From the first line to the last, return the data exactly, with no pictures.

[[ PROVIDED RECORDS open ]]

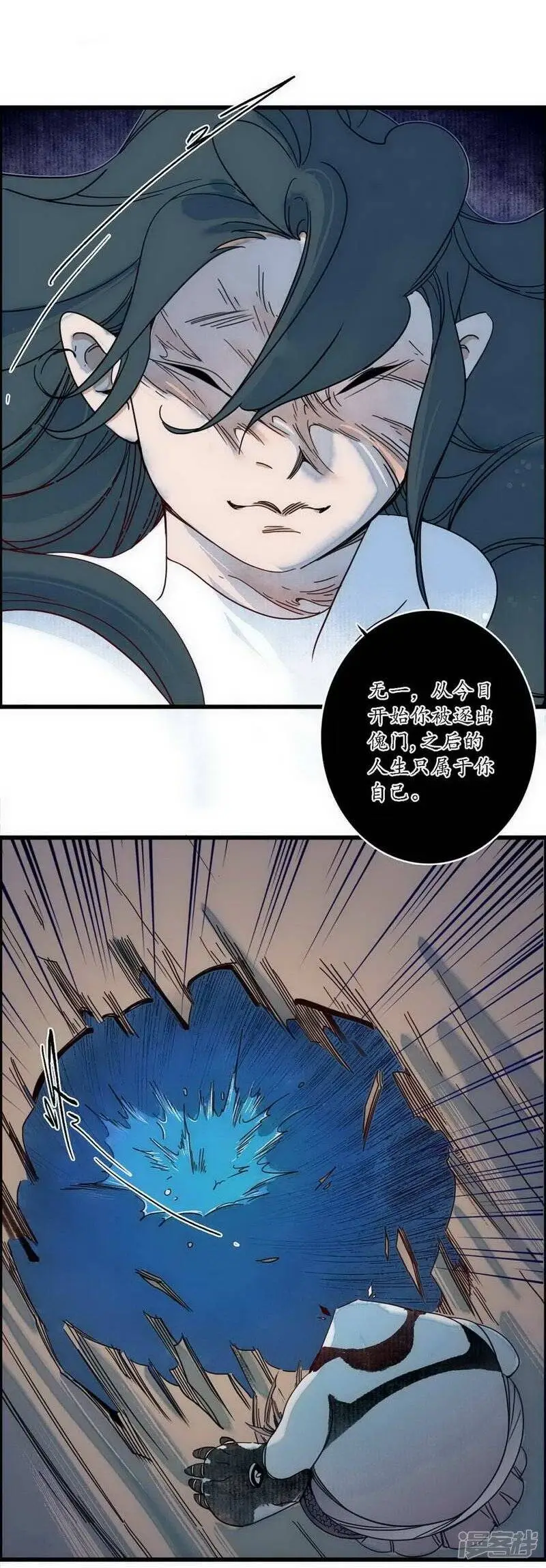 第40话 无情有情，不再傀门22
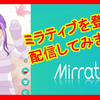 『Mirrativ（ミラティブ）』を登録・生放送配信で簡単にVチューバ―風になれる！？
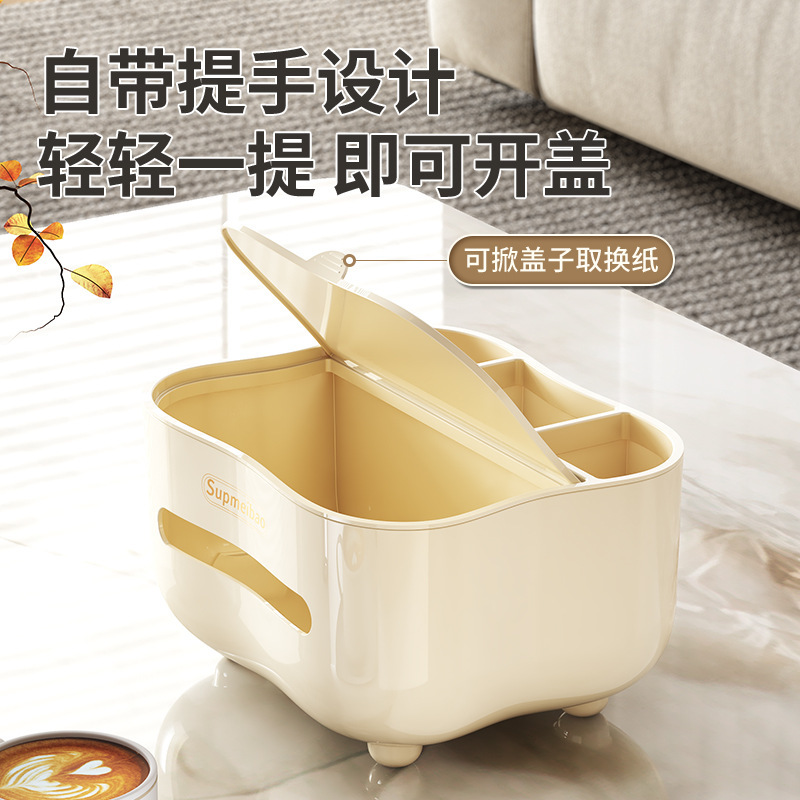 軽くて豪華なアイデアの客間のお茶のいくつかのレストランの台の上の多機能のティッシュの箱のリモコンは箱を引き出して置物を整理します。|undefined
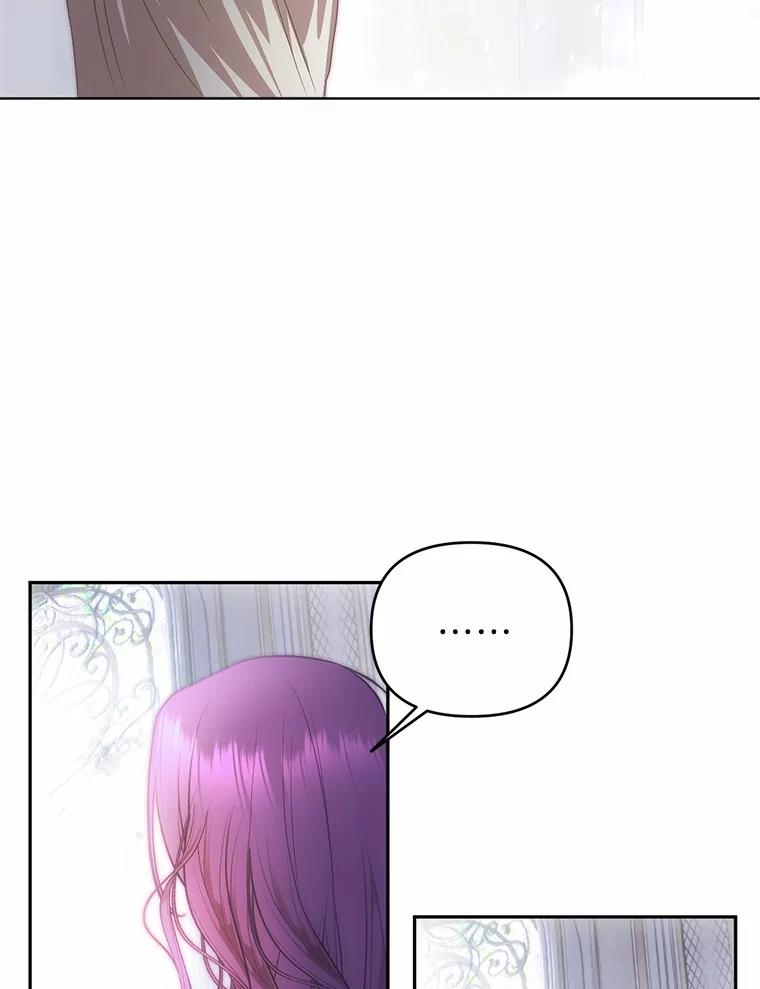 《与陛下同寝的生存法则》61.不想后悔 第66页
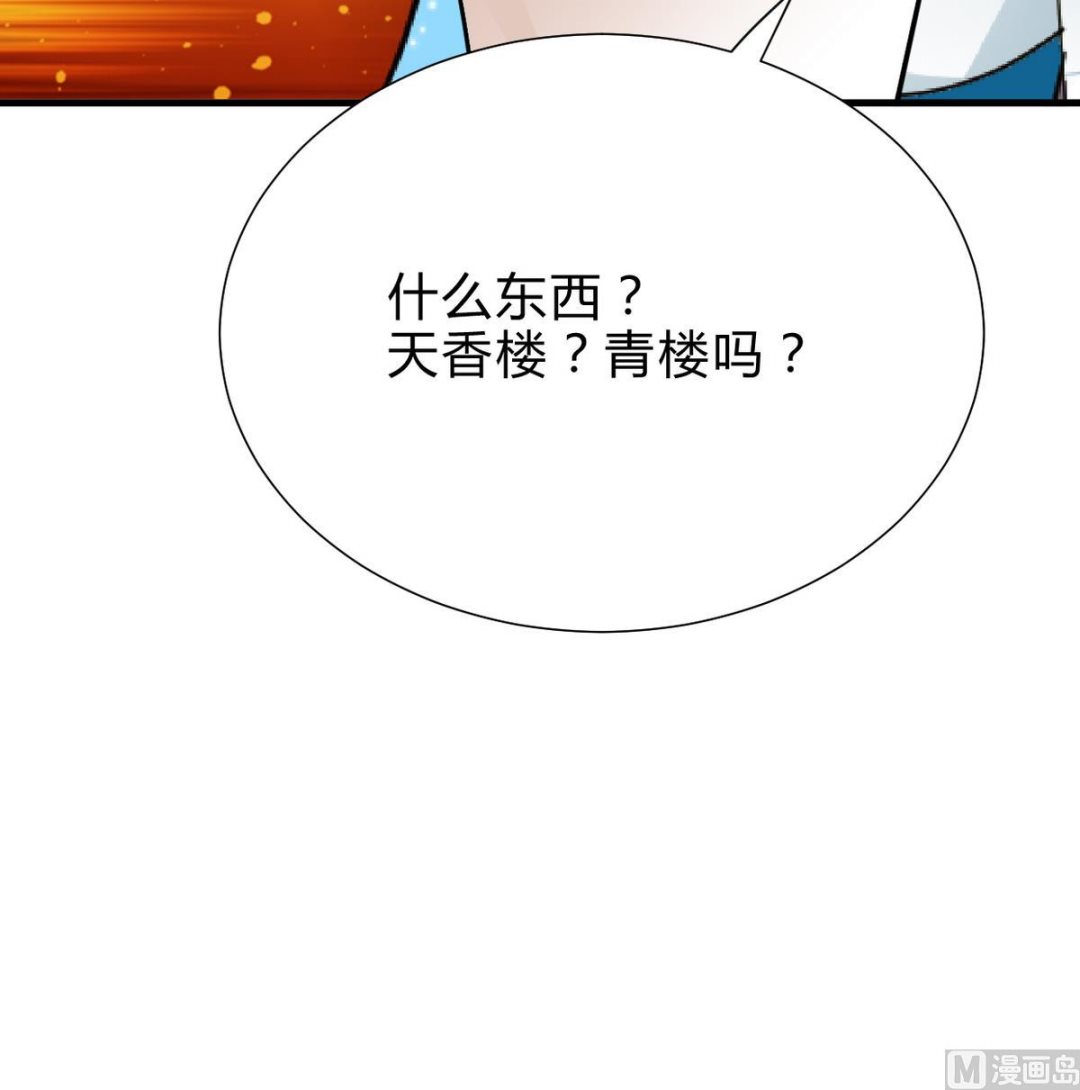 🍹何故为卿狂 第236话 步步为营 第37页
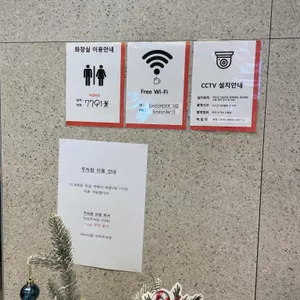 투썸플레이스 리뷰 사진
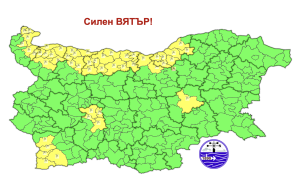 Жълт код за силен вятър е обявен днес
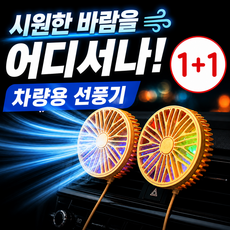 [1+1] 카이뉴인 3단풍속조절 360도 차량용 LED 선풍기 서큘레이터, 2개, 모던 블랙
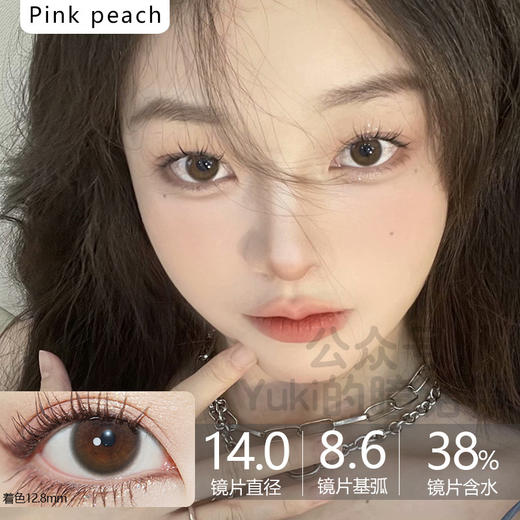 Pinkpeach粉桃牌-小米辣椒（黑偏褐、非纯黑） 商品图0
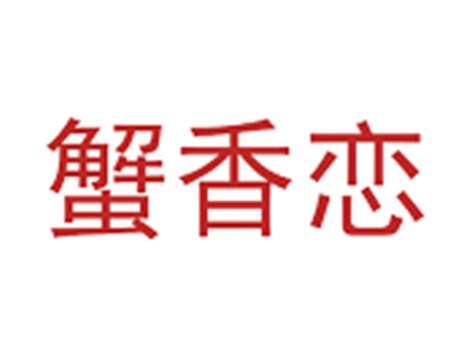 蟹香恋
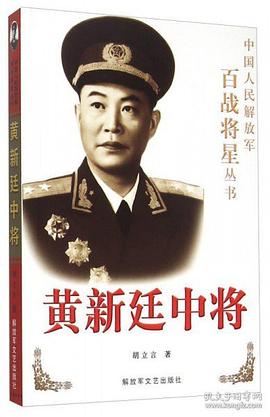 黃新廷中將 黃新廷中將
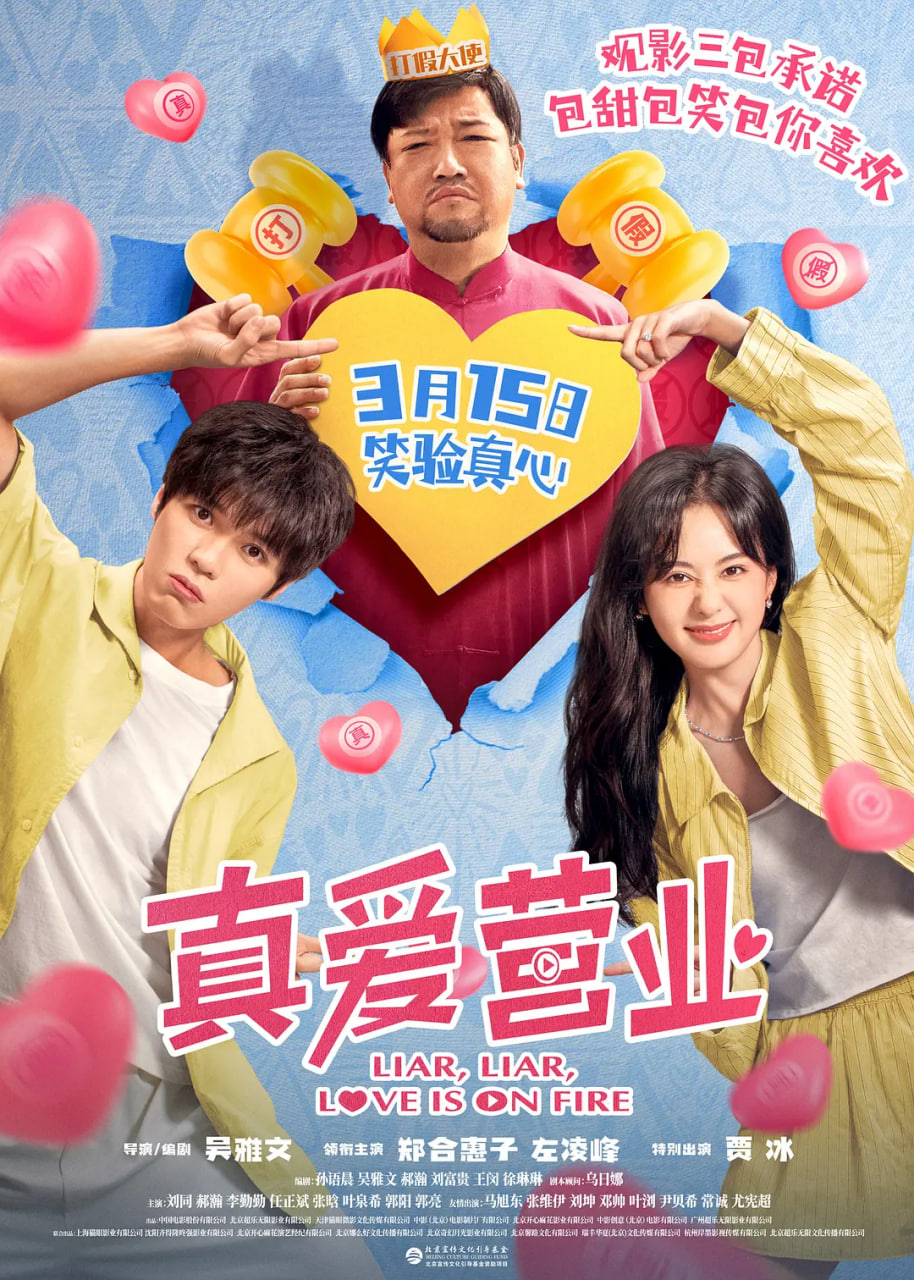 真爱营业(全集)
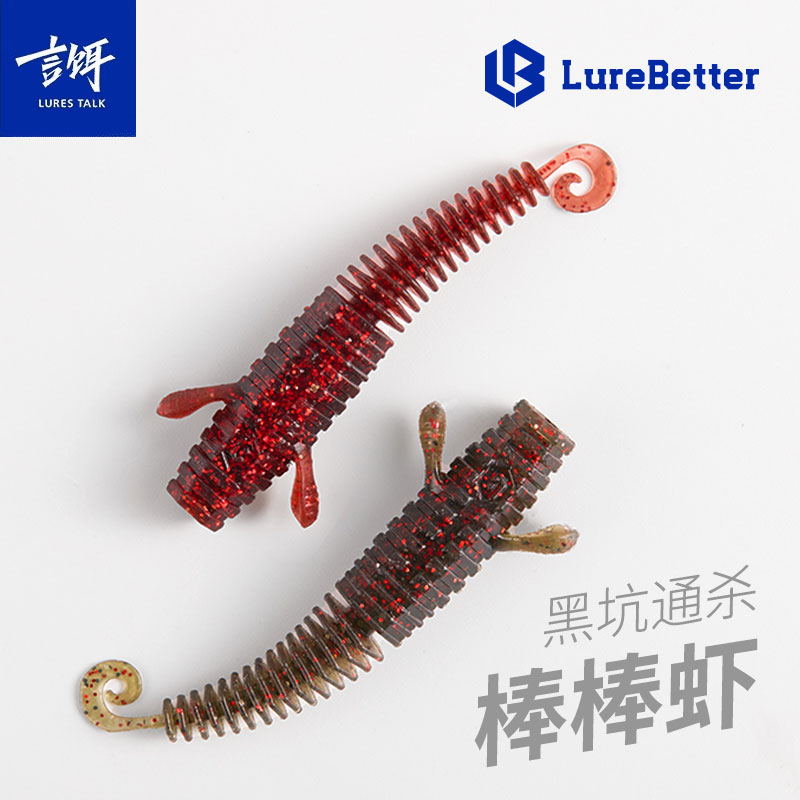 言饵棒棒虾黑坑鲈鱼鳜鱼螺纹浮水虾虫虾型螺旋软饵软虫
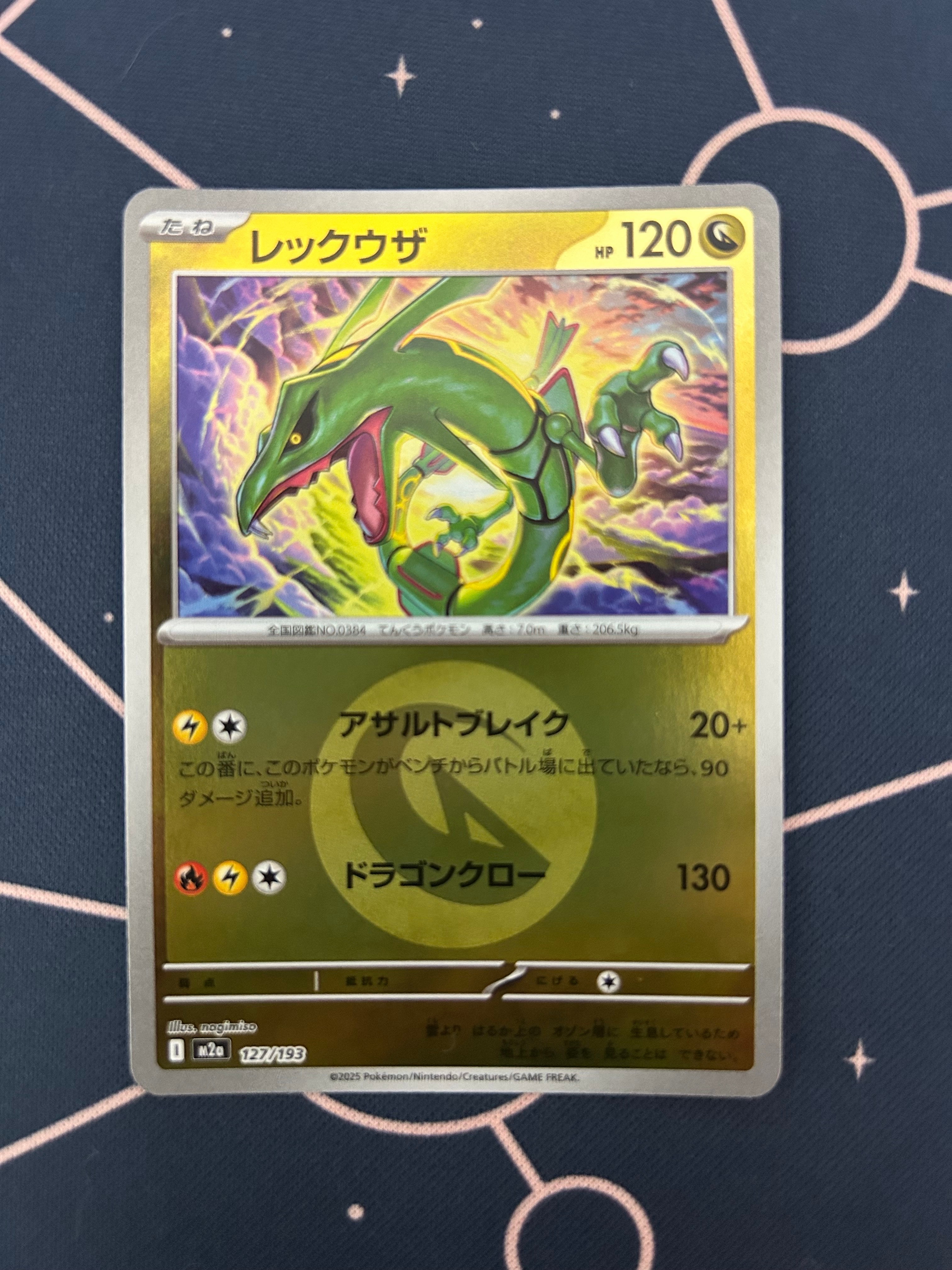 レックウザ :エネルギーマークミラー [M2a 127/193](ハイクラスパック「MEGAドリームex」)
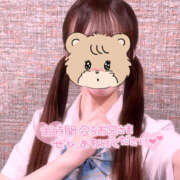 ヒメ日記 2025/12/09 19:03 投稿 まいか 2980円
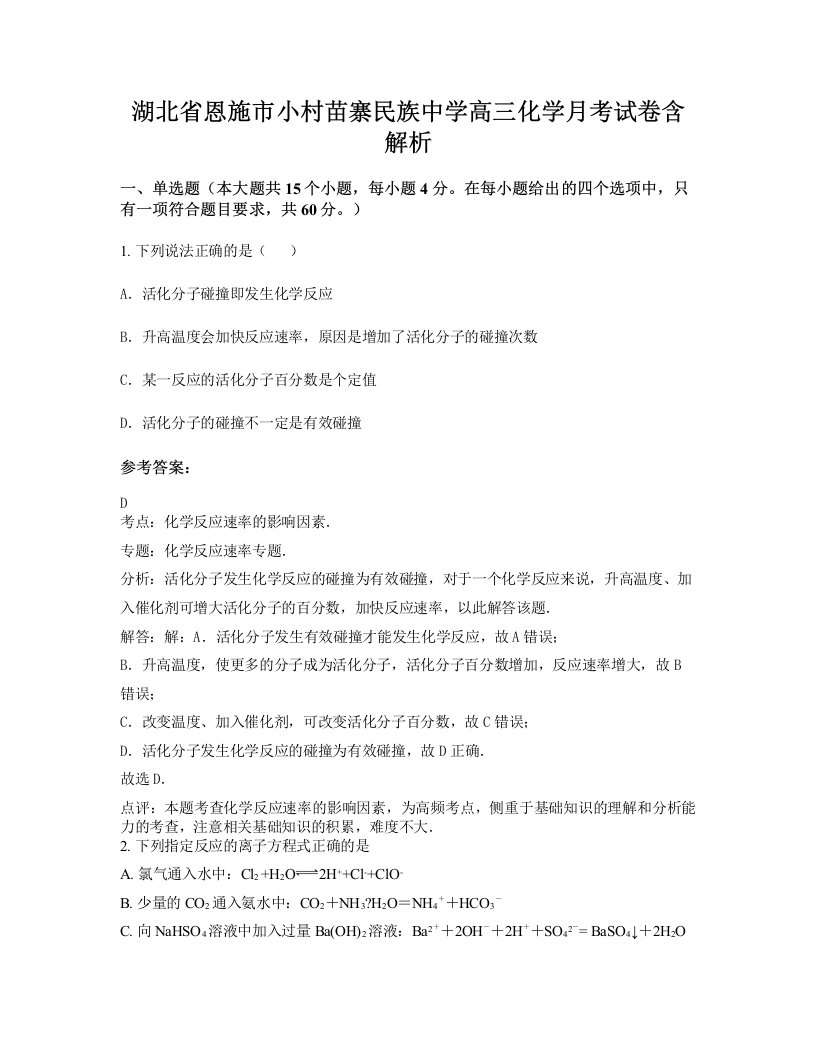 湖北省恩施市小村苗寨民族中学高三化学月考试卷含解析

[[ PROVIDED RECORDS closed ]]

• WORKED SOLUTION:
 第40话 无情有情，不再傀门22
 『Mirrativ（ミラティブ）』を登録・生放送配信で簡単にVチューバ―風になれる！？
 軽くて豪華なアイデアの客間のお茶のいくつかのレストランの台の上の多機能のティッシュの箱のリモコンは箱を引き出して置物を整理します。|undefined
 《与陛下同寝的生存法则》61.不想后悔 第66页
 🍹何故为卿狂 第236话 步步为营 第37页
 투썸플레이스 리뷰 사진
 Жълт код за силен вятър е обявен днес
 [1+1] 카이뉴인 3단풍속조절 360도 차량용 LED 선풍기 서큘레이터, 2개, 모던 블랙
 Pinkpeach粉桃牌-小米辣椒（黑偏褐、非纯黑） 商品图0
 蟹香恋
 黃新廷中將 黃新廷中將
 真爱营业(全集)
 言饵棒棒虾黑坑鲈鱼鳜鱼螺纹浮水虾虫虾型螺旋软饵软虫
 レックウザ :エネルギーマークミラー [M2a 127/193](ハイクラスパック「MEGAドリームex」)
 ヒメ日記 2025/12/09 19:03 投稿 まいか 2980円
 湖北省恩施市小村苗寨民族中学高三化学月考试卷含解析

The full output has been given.